Ma’s policies fail to
develop agriculture, panelist group says
By Chris Wang / Staff Reporter
Amid a spate of recent controversies related to agricultural development,
panelists attending an agricultural forum yesterday described President Ma Ying-jeou’s
(馬英九) agricultural policy as “unconcerned, incompetent and faithless.”
“Farmers feed the nation.
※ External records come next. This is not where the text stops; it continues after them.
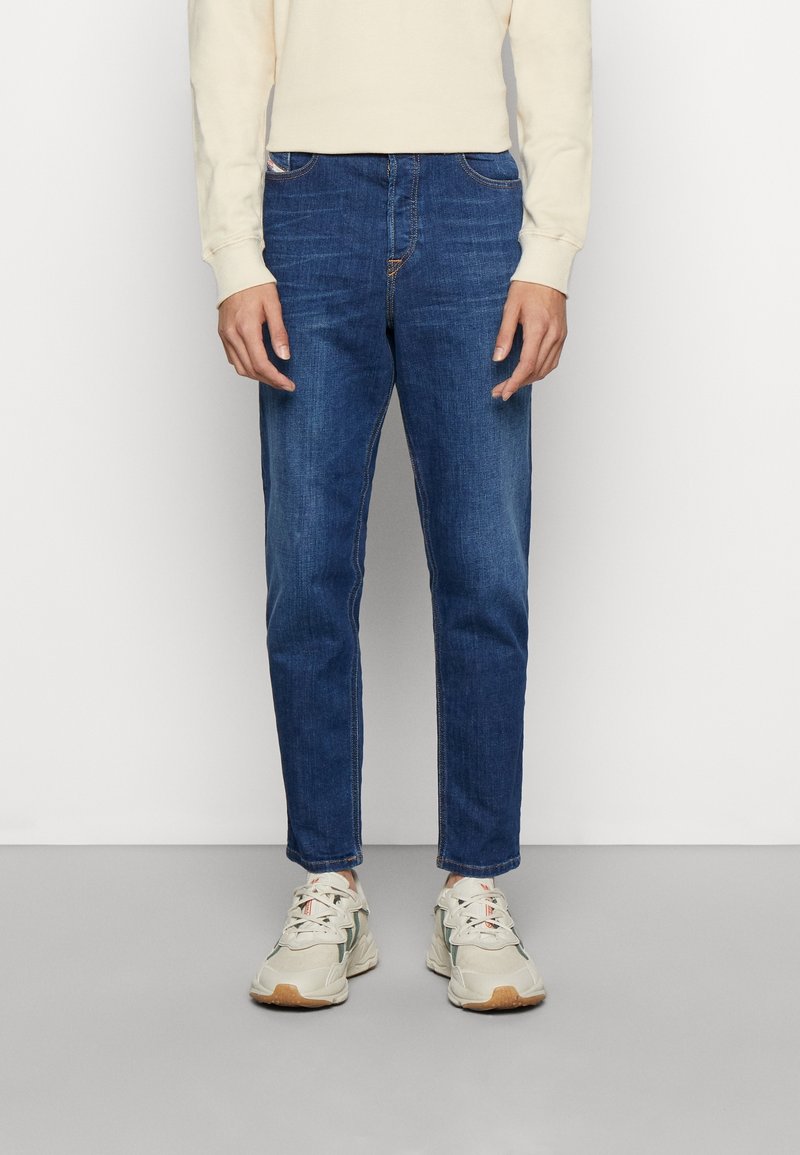 Modré džíny z denimového materiálu se slim fit střihem, s prošívanými detaily, pětibesedovým designem a středním praním, nošené s béžovými sportovními botami.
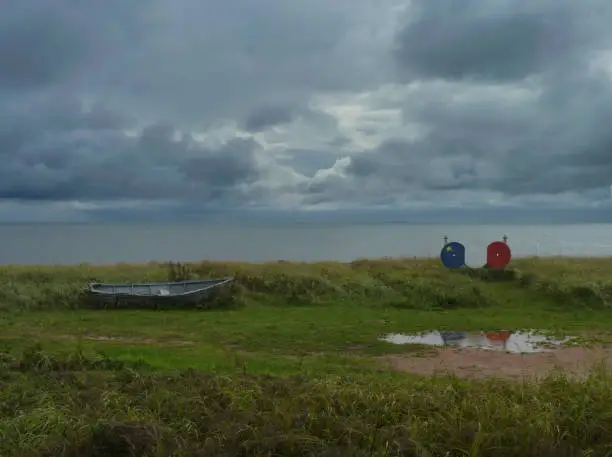 Photo of Seascape with Weathered Rowboat and Improvised Acadian Flag, New Brunswick, Canada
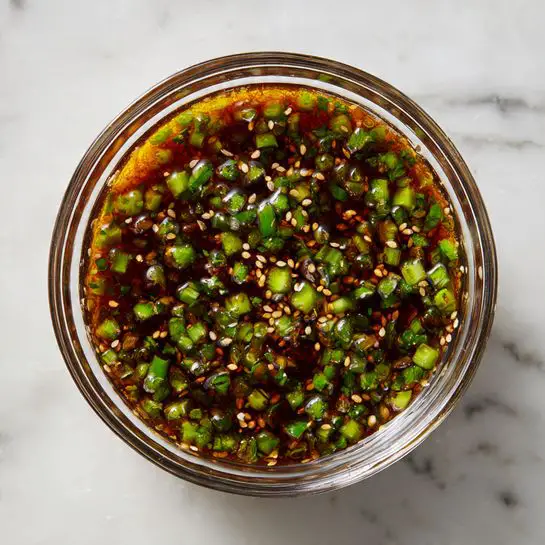 Sheet Pan Salmon with Garlic-Ginger Soy Glaze and Roasted Vegetables Recipe 4 A clear glass bowl filled with a dark brown sauce mixed with small green pieces of chopped herbs and scallions, plus many light tan sesame seeds scattered evenly throughout. The sauce has a slightly oily texture that reflects light, and the green bits add a fresh look contrasting with the rich brown liquid. The bowl sits on a white marbled surface. photo taken with an iphone --ar 4:5 --v 7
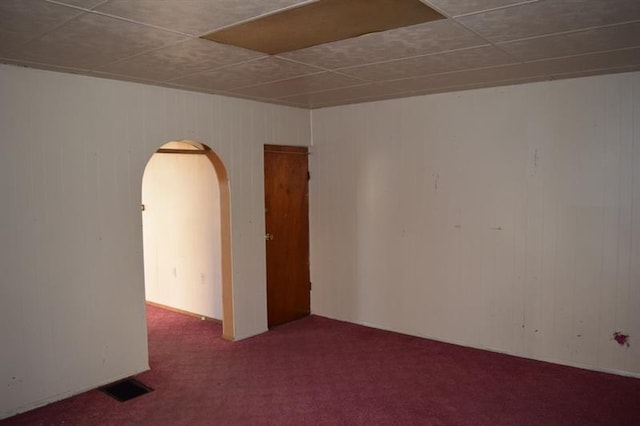 empty room with dark colored carpet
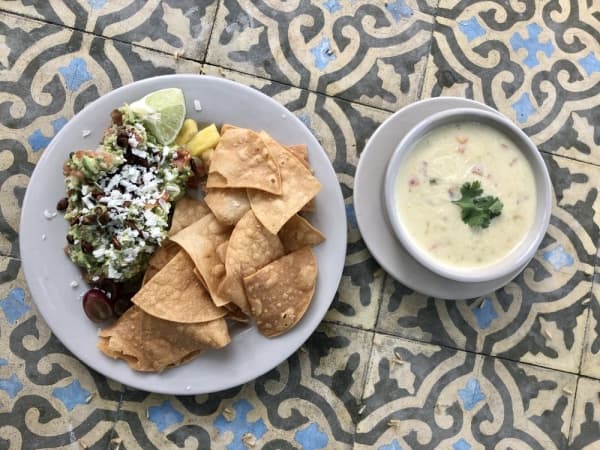 The guacamole (left) consists of hand-mashed avocados with pico de gallo, seasonal fruit, cotija and pepitas, and the Queso El Mon is a blend of American cheese with Hatch green chiles, onions, tomatoes and cilantro.  (Sally Grace Holtgrieve/Community Impact Newspaper)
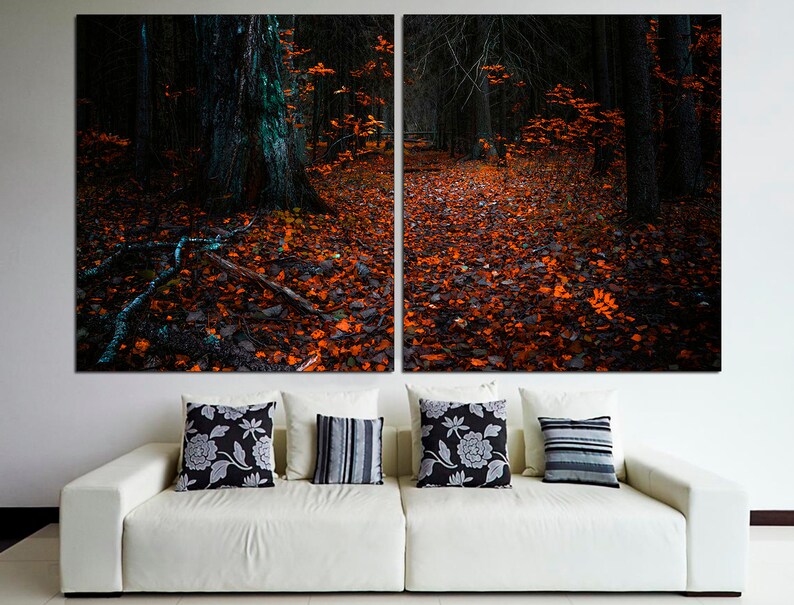 May include: A split canvas print of a dark forest path covered in fallen orange leaves. The path leads into the woods, with tall trees on either side. The image is dark and moody, with a sense of mystery.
Based on what has happened over the past three years,
however, I would say that the Ma administration is unconcerned with [the state
of] Taiwan’s agricultural [sector],” Lee Chin-lung (李金龍), a former Council of
Agriculture (COA) chairman under the Democratic Progressive Party (DPP)
administration of former president Chen Shui-bian (陳水扁), told a forum organized
by the Taiwan Brain Trust think tank.
Saying that the falling price of farm produce was “unbelievable,” Lee, a
professor at National Taiwan University, added that the council was supposed to
monitor agricultural prices on weekly basis and take the initiative in keeping
those prices stable.
In 2004, Lee said, the DPP administration established a “95 percent mechanism,”
which meant the government purchased farm produce whenever the selling price
fell below 95 percent of direct production cost.
The Ma administration has failed to develop the agricultural sector, evidenced
by a reduction of agricultural output and a decrease in farm household incomes,
said Wu Ming-ming (吳明敏), a professor at Kainan University.
“The promotion of cross-strait agricultural exchanges and cooperation” is the
only thing among the “12 pledges to farmers” in his 2008 presidential campaign
that Ma has accomplished, Wu said, adding that extensive cross-strait
agricultural exchanges were probably not a positive development for Taiwan.